■ DATA RECORDS ■
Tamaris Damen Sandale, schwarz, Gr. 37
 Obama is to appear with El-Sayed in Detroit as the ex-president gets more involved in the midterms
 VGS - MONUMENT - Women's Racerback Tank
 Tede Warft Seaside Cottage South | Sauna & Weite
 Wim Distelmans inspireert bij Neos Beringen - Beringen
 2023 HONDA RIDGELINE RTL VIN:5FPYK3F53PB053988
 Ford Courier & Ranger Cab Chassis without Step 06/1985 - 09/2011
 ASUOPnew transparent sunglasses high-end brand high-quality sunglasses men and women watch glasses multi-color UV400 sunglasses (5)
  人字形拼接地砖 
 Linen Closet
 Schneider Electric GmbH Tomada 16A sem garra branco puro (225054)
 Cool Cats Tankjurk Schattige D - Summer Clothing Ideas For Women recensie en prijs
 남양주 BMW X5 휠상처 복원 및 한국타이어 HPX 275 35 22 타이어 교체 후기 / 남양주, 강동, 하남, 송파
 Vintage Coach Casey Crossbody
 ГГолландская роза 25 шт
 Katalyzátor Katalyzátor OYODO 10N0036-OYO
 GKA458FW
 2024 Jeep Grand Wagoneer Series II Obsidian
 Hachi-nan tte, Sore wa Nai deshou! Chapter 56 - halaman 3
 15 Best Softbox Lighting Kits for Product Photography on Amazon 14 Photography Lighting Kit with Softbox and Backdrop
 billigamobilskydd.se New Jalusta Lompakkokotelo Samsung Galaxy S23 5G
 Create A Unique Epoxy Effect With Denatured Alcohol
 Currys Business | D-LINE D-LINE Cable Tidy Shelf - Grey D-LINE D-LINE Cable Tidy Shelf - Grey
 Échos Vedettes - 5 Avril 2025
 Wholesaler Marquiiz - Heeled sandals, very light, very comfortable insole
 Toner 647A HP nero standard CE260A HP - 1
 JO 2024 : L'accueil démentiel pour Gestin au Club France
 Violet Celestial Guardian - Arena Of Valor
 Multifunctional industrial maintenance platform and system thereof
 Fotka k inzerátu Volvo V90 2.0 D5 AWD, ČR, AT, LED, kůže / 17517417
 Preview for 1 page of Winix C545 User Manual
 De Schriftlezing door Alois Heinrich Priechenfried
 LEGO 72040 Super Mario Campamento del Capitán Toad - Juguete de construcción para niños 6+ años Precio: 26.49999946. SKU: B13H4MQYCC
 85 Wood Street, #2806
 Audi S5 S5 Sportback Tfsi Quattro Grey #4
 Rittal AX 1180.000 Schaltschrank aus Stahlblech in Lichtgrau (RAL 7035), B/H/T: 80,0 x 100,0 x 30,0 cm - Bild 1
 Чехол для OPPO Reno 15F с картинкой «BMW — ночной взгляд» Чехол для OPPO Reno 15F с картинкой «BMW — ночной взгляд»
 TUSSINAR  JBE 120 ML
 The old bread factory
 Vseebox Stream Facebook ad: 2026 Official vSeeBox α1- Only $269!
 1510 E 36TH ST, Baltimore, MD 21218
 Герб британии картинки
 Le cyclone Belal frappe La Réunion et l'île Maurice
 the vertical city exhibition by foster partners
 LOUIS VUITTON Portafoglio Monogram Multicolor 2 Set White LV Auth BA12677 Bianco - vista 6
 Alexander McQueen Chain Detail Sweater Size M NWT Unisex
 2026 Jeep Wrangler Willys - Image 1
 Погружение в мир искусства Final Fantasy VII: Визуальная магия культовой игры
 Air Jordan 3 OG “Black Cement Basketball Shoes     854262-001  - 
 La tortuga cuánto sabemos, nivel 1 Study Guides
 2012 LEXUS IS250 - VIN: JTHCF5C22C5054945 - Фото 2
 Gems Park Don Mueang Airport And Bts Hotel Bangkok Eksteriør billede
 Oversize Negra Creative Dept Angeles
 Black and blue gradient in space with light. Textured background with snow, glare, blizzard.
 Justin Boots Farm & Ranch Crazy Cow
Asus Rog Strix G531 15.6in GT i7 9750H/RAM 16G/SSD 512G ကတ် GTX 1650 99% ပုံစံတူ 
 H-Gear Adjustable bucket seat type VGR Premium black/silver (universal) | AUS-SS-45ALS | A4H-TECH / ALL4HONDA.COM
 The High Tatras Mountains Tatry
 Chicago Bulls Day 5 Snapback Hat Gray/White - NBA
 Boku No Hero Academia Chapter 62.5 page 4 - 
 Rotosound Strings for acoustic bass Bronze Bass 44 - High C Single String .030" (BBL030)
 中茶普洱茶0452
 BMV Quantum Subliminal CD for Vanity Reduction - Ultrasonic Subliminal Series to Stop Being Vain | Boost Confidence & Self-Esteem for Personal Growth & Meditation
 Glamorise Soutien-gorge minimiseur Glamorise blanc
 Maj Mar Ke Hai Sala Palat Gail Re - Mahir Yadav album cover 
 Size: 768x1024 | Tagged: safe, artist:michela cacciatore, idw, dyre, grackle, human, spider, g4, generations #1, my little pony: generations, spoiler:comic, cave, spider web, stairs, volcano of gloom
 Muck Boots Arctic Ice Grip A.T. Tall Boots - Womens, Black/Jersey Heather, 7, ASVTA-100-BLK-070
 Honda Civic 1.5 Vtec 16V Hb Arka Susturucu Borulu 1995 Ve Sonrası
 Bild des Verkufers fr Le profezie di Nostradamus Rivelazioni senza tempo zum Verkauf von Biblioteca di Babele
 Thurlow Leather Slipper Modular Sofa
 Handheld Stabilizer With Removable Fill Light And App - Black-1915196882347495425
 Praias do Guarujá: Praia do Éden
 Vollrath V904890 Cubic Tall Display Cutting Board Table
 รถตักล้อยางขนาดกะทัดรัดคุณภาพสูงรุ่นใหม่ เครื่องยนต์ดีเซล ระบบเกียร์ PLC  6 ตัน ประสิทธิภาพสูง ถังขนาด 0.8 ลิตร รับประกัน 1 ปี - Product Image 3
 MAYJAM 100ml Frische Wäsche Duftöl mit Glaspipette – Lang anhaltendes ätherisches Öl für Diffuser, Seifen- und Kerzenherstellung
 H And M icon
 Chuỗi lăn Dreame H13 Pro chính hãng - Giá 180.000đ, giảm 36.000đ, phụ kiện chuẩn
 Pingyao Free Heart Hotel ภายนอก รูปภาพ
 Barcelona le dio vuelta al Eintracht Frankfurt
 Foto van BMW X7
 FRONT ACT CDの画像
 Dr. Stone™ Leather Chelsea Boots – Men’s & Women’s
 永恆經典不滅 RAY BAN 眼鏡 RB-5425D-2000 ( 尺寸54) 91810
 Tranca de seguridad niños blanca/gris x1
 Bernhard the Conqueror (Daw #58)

■ YOUR TASK ■
Here, the records must be output exactly and in full.

■ ANSWER TO THE EXERCISE ■
Tamaris Damen Sandale, schwarz, Gr. 37
 Obama is to appear with El-Sayed in Detroit as the ex-president gets more involved in the midterms
 VGS - MONUMENT - Women's Racerback Tank
 Tede Warft Seaside Cottage South | Sauna & Weite
 Wim Distelmans inspireert bij Neos Beringen - Beringen
 2023 HONDA RIDGELINE RTL VIN:5FPYK3F53PB053988
 Ford Courier & Ranger Cab Chassis without Step 06/1985 - 09/2011
 ASUOPnew transparent sunglasses high-end brand high-quality sunglasses men and women watch glasses multi-color UV400 sunglasses (5)
  人字形拼接地砖 
 Linen Closet
 Schneider Electric GmbH Tomada 16A sem garra branco puro (225054)
 Cool Cats Tankjurk Schattige D - Summer Clothing Ideas For Women recensie en prijs
 남양주 BMW X5 휠상처 복원 및 한국타이어 HPX 275 35 22 타이어 교체 후기 / 남양주, 강동, 하남, 송파
 Vintage Coach Casey Crossbody
 ГГолландская роза 25 шт
 Katalyzátor Katalyzátor OYODO 10N0036-OYO
 GKA458FW
 2024 Jeep Grand Wagoneer Series II Obsidian
 Hachi-nan tte, Sore wa Nai deshou! Chapter 56 - halaman 3
 15 Best Softbox Lighting Kits for Product Photography on Amazon 14 Photography Lighting Kit with Softbox and Backdrop
 billigamobilskydd.se New Jalusta Lompakkokotelo Samsung Galaxy S23 5G
 Create A Unique Epoxy Effect With Denatured Alcohol
 Currys Business | D-LINE D-LINE Cable Tidy Shelf - Grey D-LINE D-LINE Cable Tidy Shelf - Grey
 Échos Vedettes - 5 Avril 2025
 Wholesaler Marquiiz - Heeled sandals, very light, very comfortable insole
 Toner 647A HP nero standard CE260A HP - 1
 JO 2024 : L'accueil démentiel pour Gestin au Club France
 Violet Celestial Guardian - Arena Of Valor
 Multifunctional industrial maintenance platform and system thereof
 Fotka k inzerátu Volvo V90 2.0 D5 AWD, ČR, AT, LED, kůže / 17517417
 Preview for 1 page of Winix C545 User Manual
 De Schriftlezing door Alois Heinrich Priechenfried
 LEGO 72040 Super Mario Campamento del Capitán Toad - Juguete de construcción para niños 6+ años Precio: 26.49999946. SKU: B13H4MQYCC
 85 Wood Street, #2806
 Audi S5 S5 Sportback Tfsi Quattro Grey #4
 Rittal AX 1180.000 Schaltschrank aus Stahlblech in Lichtgrau (RAL 7035), B/H/T: 80,0 x 100,0 x 30,0 cm - Bild 1
 Чехол для OPPO Reno 15F с картинкой «BMW — ночной взгляд» Чехол для OPPO Reno 15F с картинкой «BMW — ночной взгляд»
 TUSSINAR  JBE 120 ML
 The old bread factory
 Vseebox Stream Facebook ad: 2026 Official vSeeBox α1- Only $269!
 1510 E 36TH ST, Baltimore, MD 21218
 Герб британии картинки
 Le cyclone Belal frappe La Réunion et l'île Maurice
 the vertical city exhibition by foster partners
 LOUIS VUITTON Portafoglio Monogram Multicolor 2 Set White LV Auth BA12677 Bianco - vista 6
 Alexander McQueen Chain Detail Sweater Size M NWT Unisex
 2026 Jeep Wrangler Willys - Image 1
 Погружение в мир искусства Final Fantasy VII: Визуальная магия культовой игры
 Air Jordan 3 OG “Black Cement Basketball Shoes     854262-001  - 
 La tortuga cuánto sabemos, nivel 1 Study Guides
 2012 LEXUS IS250 - VIN: JTHCF5C22C5054945 - Фото 2
 Gems Park Don Mueang Airport And Bts Hotel Bangkok Eksteriør billede
 Oversize Negra Creative Dept Angeles
 Black and blue gradient in space with light. Textured background with snow, glare, blizzard.
 Justin Boots Farm & Ranch Crazy Cow
Asus Rog Strix G531 15.6in GT i7 9750H/RAM 16G/SSD 512G ကတ် GTX 1650 99% ပုံစံတူ 
 H-Gear Adjustable bucket seat type VGR Premium black/silver (universal) | AUS-SS-45ALS | A4H-TECH / ALL4HONDA.COM
 The High Tatras Mountains Tatry
 Chicago Bulls Day 5 Snapback Hat Gray/White - NBA
 Boku No Hero Academia Chapter 62.5 page 4 - 
 Rotosound Strings for acoustic bass Bronze Bass 44 - High C Single String .030" (BBL030)
 中茶普洱茶0452
 BMV Quantum Subliminal CD for Vanity Reduction - Ultrasonic Subliminal Series to Stop Being Vain | Boost Confidence & Self-Esteem for Personal Growth & Meditation
 Glamorise Soutien-gorge minimiseur Glamorise blanc
 Maj Mar Ke Hai Sala Palat Gail Re - Mahir Yadav album cover 
 Size: 768x1024 | Tagged: safe, artist:michela cacciatore, idw, dyre, grackle, human, spider, g4, generations #1, my little pony: generations, spoiler:comic, cave, spider web, stairs, volcano of gloom
 Muck Boots Arctic Ice Grip A.T. Tall Boots - Womens, Black/Jersey Heather, 7, ASVTA-100-BLK-070
 Honda Civic 1.5 Vtec 16V Hb Arka Susturucu Borulu 1995 Ve Sonrası
 Bild des Verkufers fr Le profezie di Nostradamus Rivelazioni senza tempo zum Verkauf von Biblioteca di Babele
 Thurlow Leather Slipper Modular Sofa
 Handheld Stabilizer With Removable Fill Light And App - Black-1915196882347495425
 Praias do Guarujá: Praia do Éden
 Vollrath V904890 Cubic Tall Display Cutting Board Table
 รถตักล้อยางขนาดกะทัดรัดคุณภาพสูงรุ่นใหม่ เครื่องยนต์ดีเซล ระบบเกียร์ PLC  6 ตัน ประสิทธิภาพสูง ถังขนาด 0.8 ลิตร รับประกัน 1 ปี - Product Image 3
 MAYJAM 100ml Frische Wäsche Duftöl mit Glaspipette – Lang anhaltendes ätherisches Öl für Diffuser, Seifen- und Kerzenherstellung
 H And M icon
 Chuỗi lăn Dreame H13 Pro chính hãng - Giá 180.000đ, giảm 36.000đ, phụ kiện chuẩn
 Pingyao Free Heart Hotel ภายนอก รูปภาพ
 Barcelona le dio vuelta al Eintracht Frankfurt
 Foto van BMW X7
 FRONT ACT CDの画像
 Dr. Stone™ Leather Chelsea Boots – Men’s & Women’s
 永恆經典不滅 RAY BAN 眼鏡 RB-5425D-2000 ( 尺寸54) 91810
 Tranca de seguridad niños blanca/gris x1
 Bernhard the Conqueror (Daw #58)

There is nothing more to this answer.